The Family Court possesses only the jurisdiction conferred upon it by the Legislature. Thus, its ability to compel the parties to pay child support is limited by the statutory authority that the Legislature has conferred on that court. Pierce v. Pierce, 770 A.2d 867, 871 (R.I. 2001) (citing Carr v. Prader, 725 A.2d 291, 293 (R.I. 1999) and Olivieri v. Olivieri, 760 A.2d 1246, 1251 (R.I. 2000) (per curiam)). Because the guidelines constitute a baseline for all child-support orders, a Family Court trial justice only may "deviate from the recommended child-support order if he or she finds that the calculated amount would be inequitable to the child or to either parent." Lembo v. Lembo, 677 A.2d 414, 418 (R.I. 1996).
Here, the magistrate failed to make any findings supporting his decision to increase the wife's child-support award beyond the guideline recommendation. As the magistrate put it:
"So what I've done, and this is not an issue that's been tried by the Supreme Court, maybe if you go up we will test it once and for all, the 20 percent tack on I use and I follow that theory that I use a 40 hour per week basis for the obligor and to that tack on 20 percent which generally speaking is somewhat of a minimal number and allow that person if in fact they are working overtime to retain all portions of the overtime that he or she earns."
This Court has held in Mattera v. Mattera, 669 A.2d 538, 542 (R.I. 1996), that the Family Court's Administrative Order No. 87-2 and G.L. 1956 § 15-5-16.2 "allow the Family Court to deviate from the worksheet guidelines after considering certain factors, provided the amount of support calculated in the prescribed worksheet is supported by a finding, based on the facts, that the recommended child support order would not be inequitable to the child or to either parent." This Court will not disturb such a determination on review absent a clear abuse of discretion. Mattera, 669 A.2d at 542. In this case, however, we hold that the magistrate abused his discretion because he failed to make any specific findings concerning the equities of this particular situation to support his decision to increase child support beyond the amounts recommended in the guidelines. Indeed, the magistrate said that it was his uniform practice to add 20 percent to the child-support amount prescribed by the guidelines in an effort to allow a person working over forty hours a week to "retain all portions of the overtime that he or she earns." The magistrate's uniform "one size fits all" approach of awarding a fixed additional percentage of child support, however, is unacceptable under Mattera absent case-specific findings justifying such a "20 percent tack on" to the appropriate guideline amount for child support. See id. Thus, we sustain this aspect of the husband's appeal, vacate the 20 percent tack-on portion of the child-support award, and remand this case for a new hearing, new findings, and a new order on what amount of child support is appropriate under the specific circumstances of this case.

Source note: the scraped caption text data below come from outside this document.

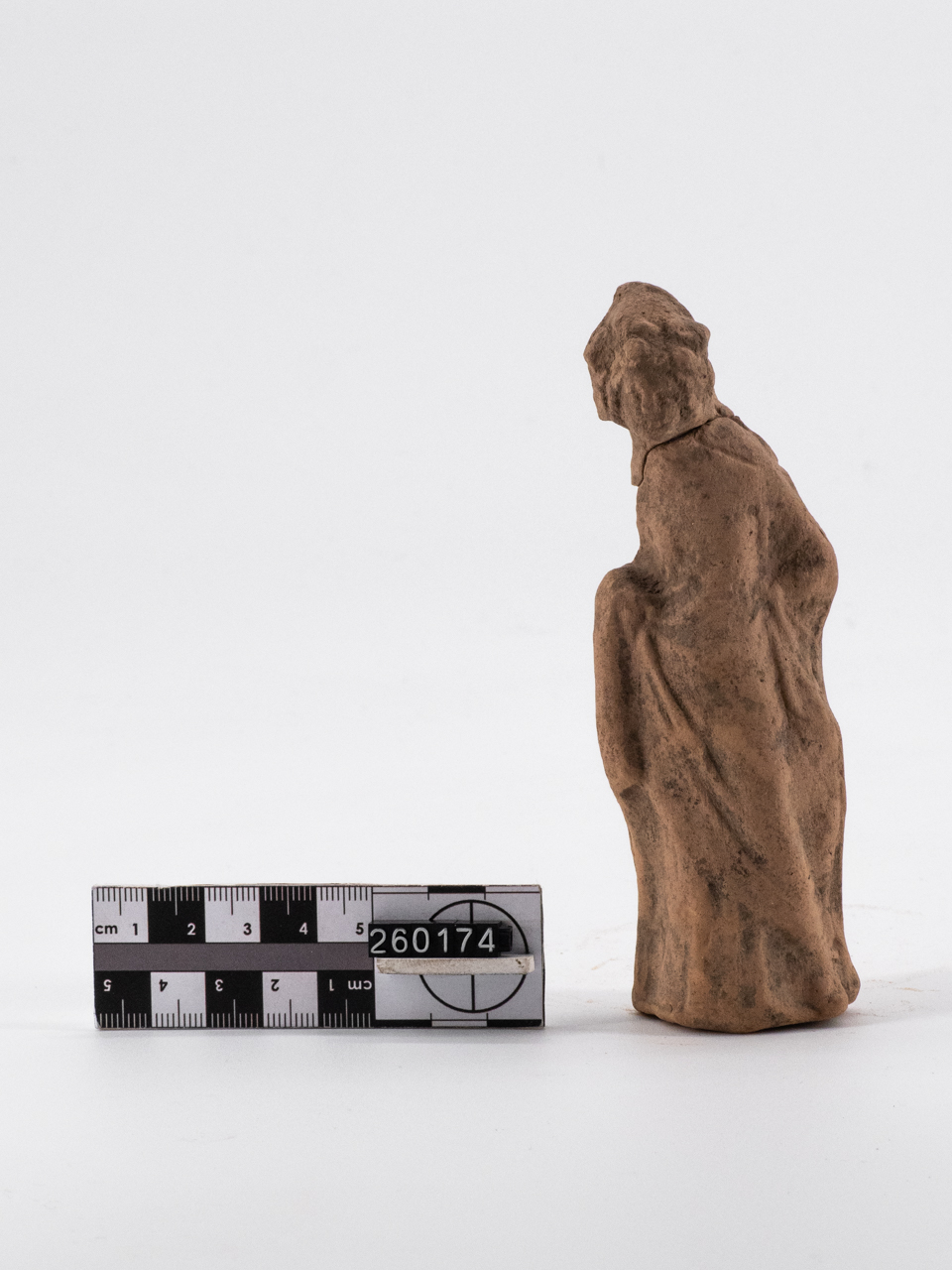 Polos e fermagli sulle spalle (statua/ femminile, stante, panneggiata, miniaturistica) - lucana (IV a.C.-III a.C)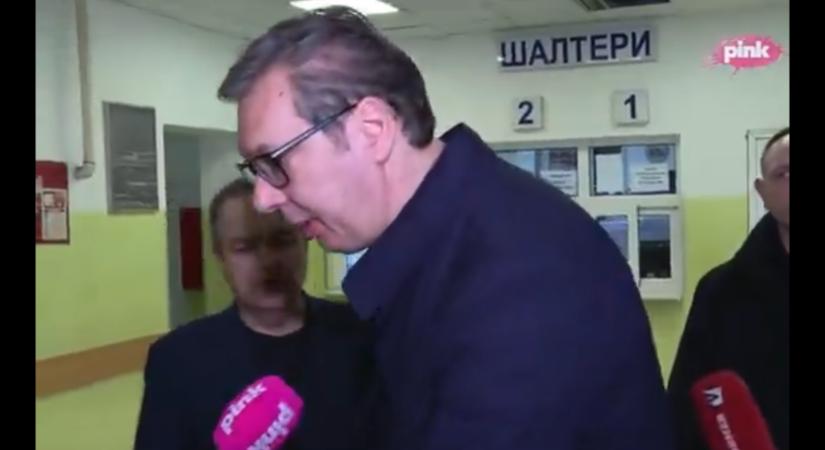 Vučić képtelen végighallgatni Dačić magyarázkodását (Videó)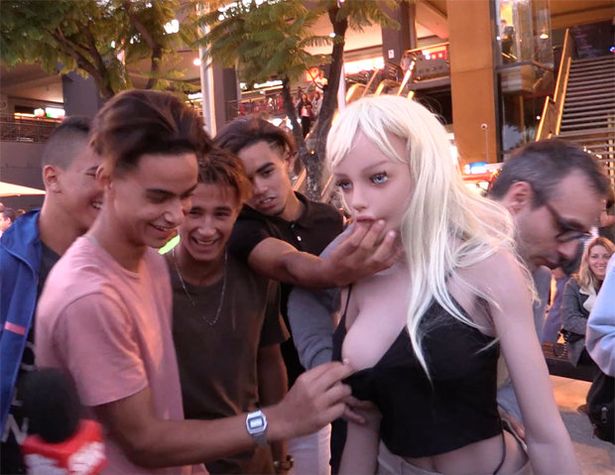denisha smith like grope public photo berta mendoza recommends chloe temple footjob pic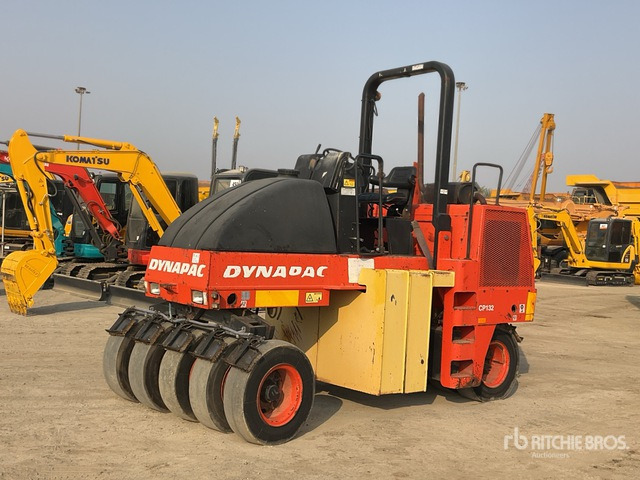 2004 Dynapac CP132 9 Wheel Pneumatic Roller - Compactador de pneus: foto 3 2004 Dynapac CP132 9 Wheel Pneumatic Roller - Compactador de pneus: foto 3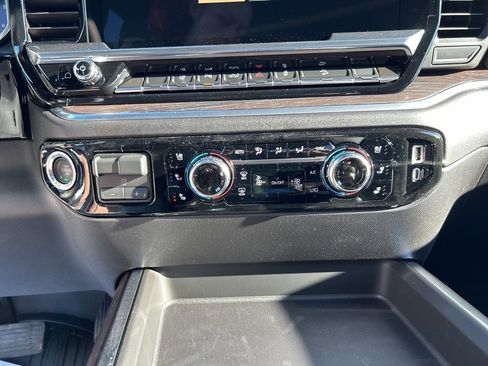 New 2026 GMC Sierra 2500 SLT w/ SLT Premium Package AWD/4WD image 40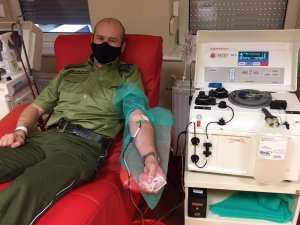 Dzielą się cennym darem z chorymi na covid-19 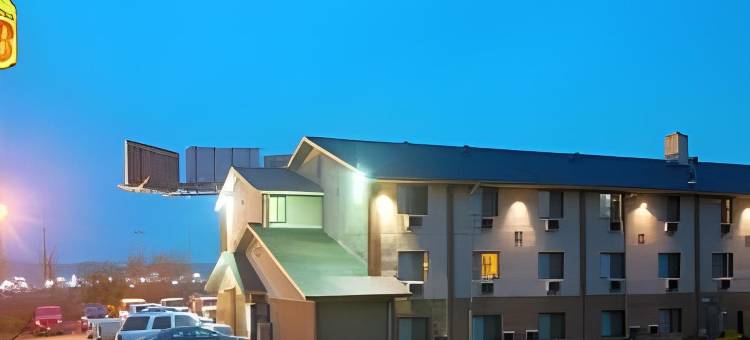 圣克莱尔斯维尔-惠灵Wv区速8酒店(Super 8 by Wyndham St. Clairsville Oh/Wheeling WV Area)图片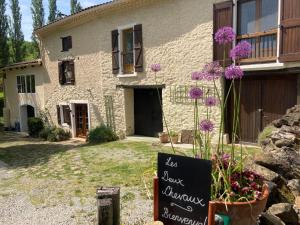 Les Deux Chevaux Chambres d Hôtes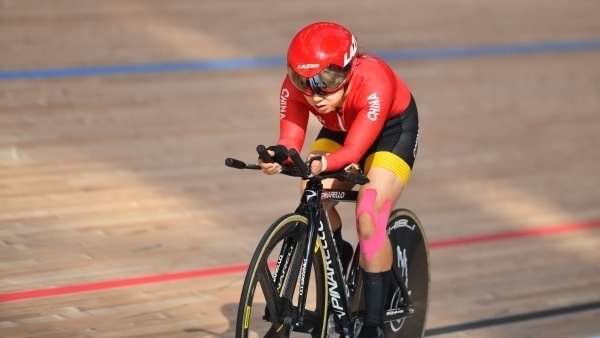 10月23日，杭州第4屆亞殘運會場地自行車女子個人C4-5級3000米追逐賽金牌賽舉行。圖為中國隊選手季子賢在比賽中。圖片來源：杭州亞殘組委會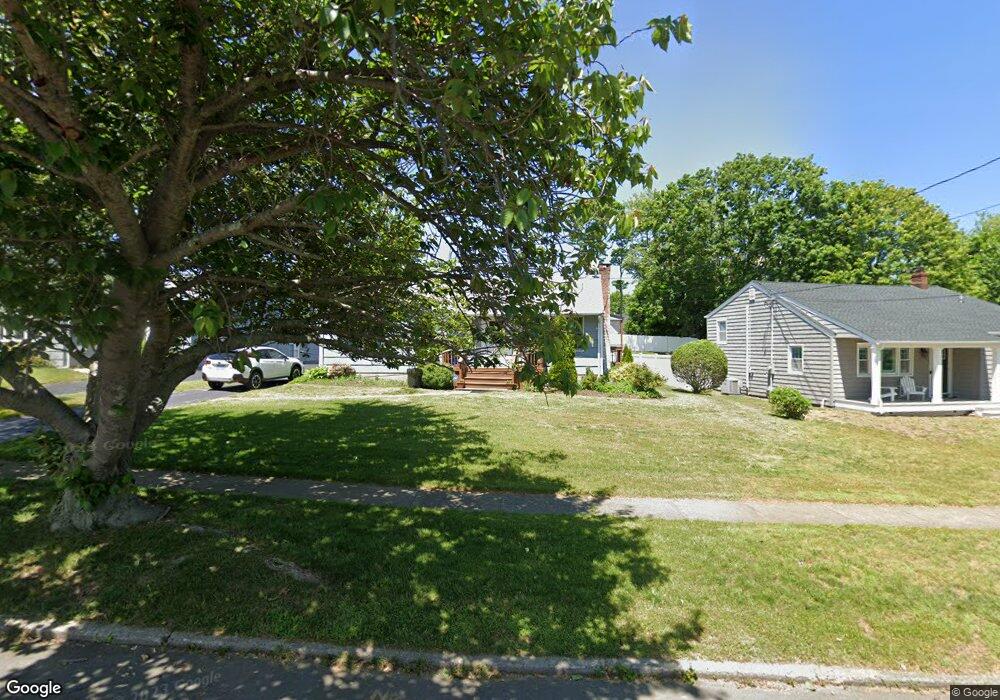 90 Maureen St, Stratford, CT 06615 - photo 1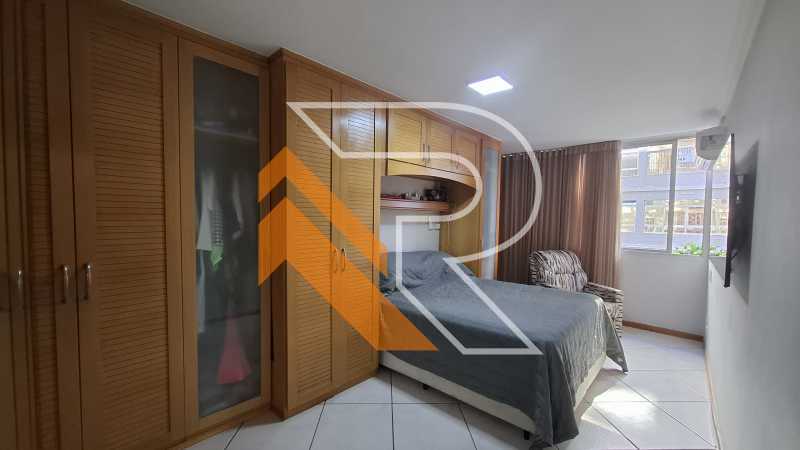 Apartamento à venda com 4 quartos, 243m² - Foto 16
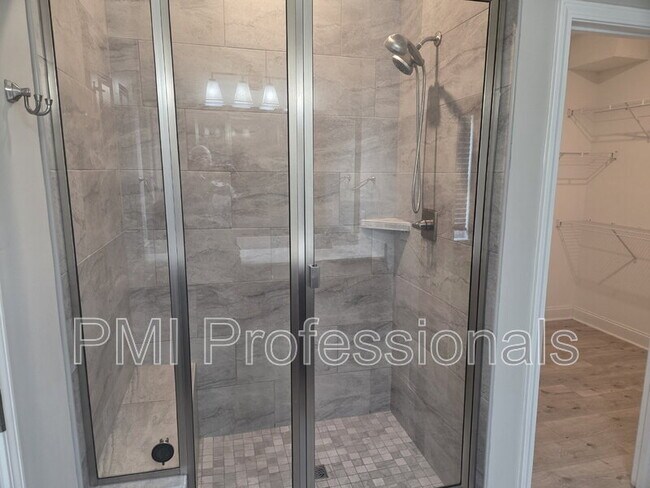 Building Photo - 1022 Stoneleigh Ln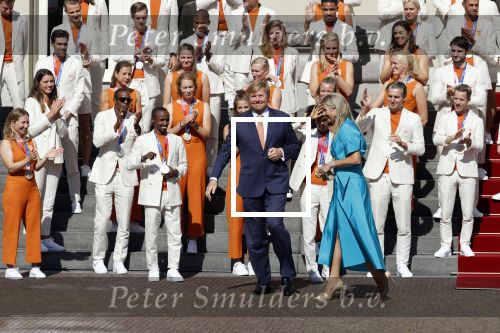 Den Haag 10 augustus 2021
Koning Willem Alexander en Koningin Maxima ontvangen op paleis noordeinde alle medaillewinnaars van de Olympische spelen in Tokyo. oa Sifan Hassan Harrie Lavreysen  Kiran Badloe Annemiek v d Vleuten Niek Kimmann Shanne Braspennincx Abdi Nageeye Jeffrey Hoogland Gabriella Schloesser Steve Wijler Arno Kamminga Sharon v Rouwendaal Tom Dumoulin Anouk Vetter Femke Bol Nouchka Fontijn Merel Smulders Sanne v Dijke Maikel v d Vleuten Kirsten Wild Annemiek Bekkering Annette Duetz Emma Oosterwegel Marit Bouwmeester Anna v d Breggen Roy v d Berg , heren 4 roeien , dames 2 roeien, heren 4x 400m  en het nederlands dames hockeyteam .Ook chef de Mission Pieter v d Hoogenband is er natuurlijk bij .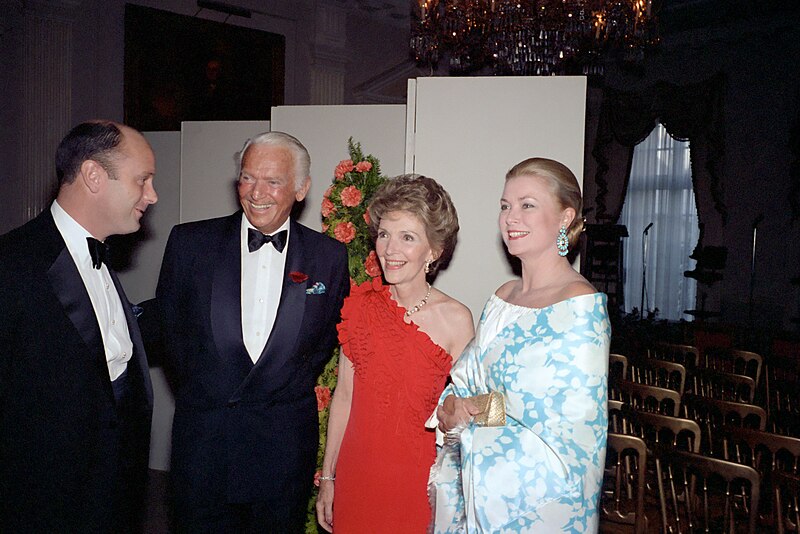 File:Dinner at Winfield House During Trip to London for The Royal Wedding Nancy Reagan with Princess Grace and Douglas Fairbanks Jr - DPLA - 5b38e28309563b56721f5e02bea37432.jpg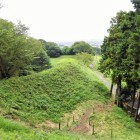 天守台から見た土塁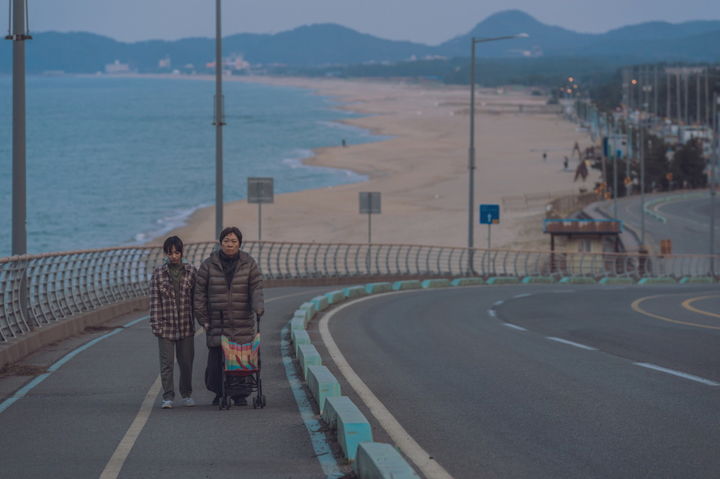 [집중 인터뷰]박이웅 감독 "책임질 수 있는 이야기를 하려 한다"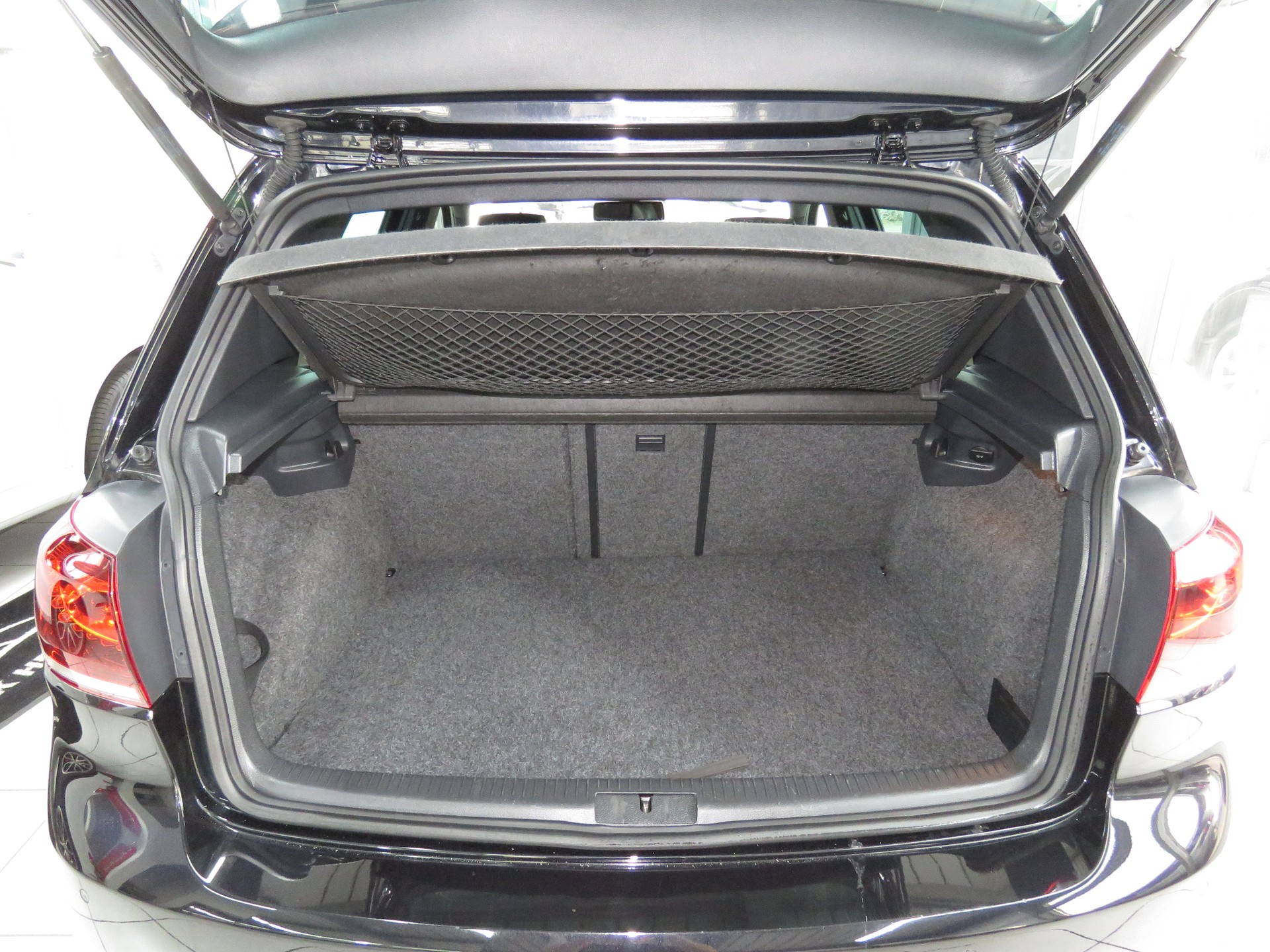 VW Golf 2.0 TSI R 4Motion-image-11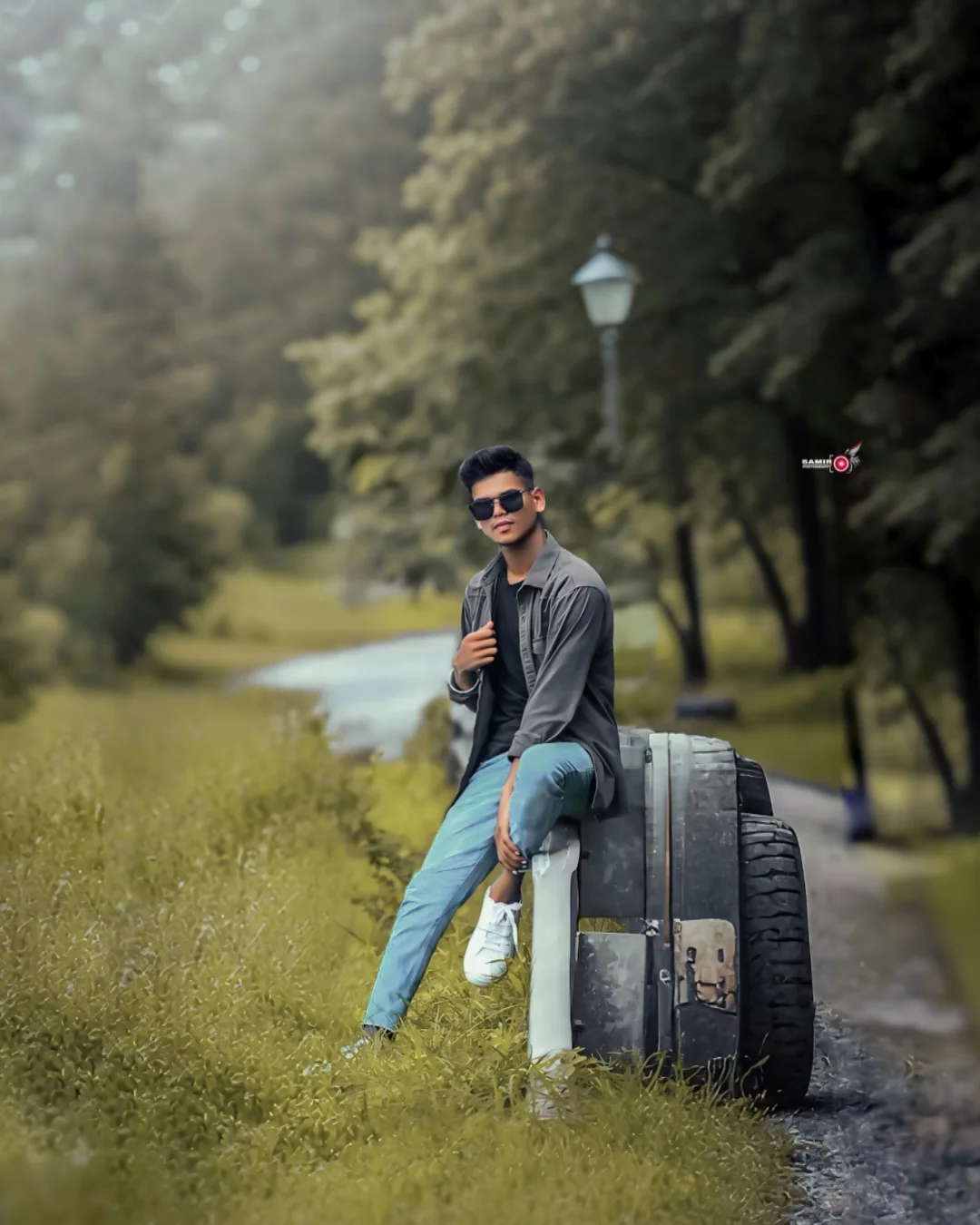 Samir Royal Wedding Wear Pose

The husband next argues that the magistrate compounded his error by ordering the husband to pay the wife one-half of the net wages the husband earns in overtime as alimony. Specifically, the final judgment provides:
"6. Pursuant to R.I.G.L. § 15-5-16, [husband] is hereby ordered to pay in the form of alimony one half of all net wages available to him above $517 per week net from his primary employment based upon a 40 hour per week term and [husband] is hereby ordered to apprise [wife] of his income from all sources on a quarterly basis and by review of his IRS tax returns annually and failure to do so will result in the imposition of sanctions and counsel fees if it becomes necessary to file a motion to adjudge in contempt and [husband] is not obligated to pay alimony unless he does in fact work overtime on a voluntary basis or has an increase in his wages. "7. The aforesaid alimony award is to continue indefinitely until [wife's] needs are met on a weekly basis and receipt of any income from the Federal program by [wife] would obviously modify the order downward."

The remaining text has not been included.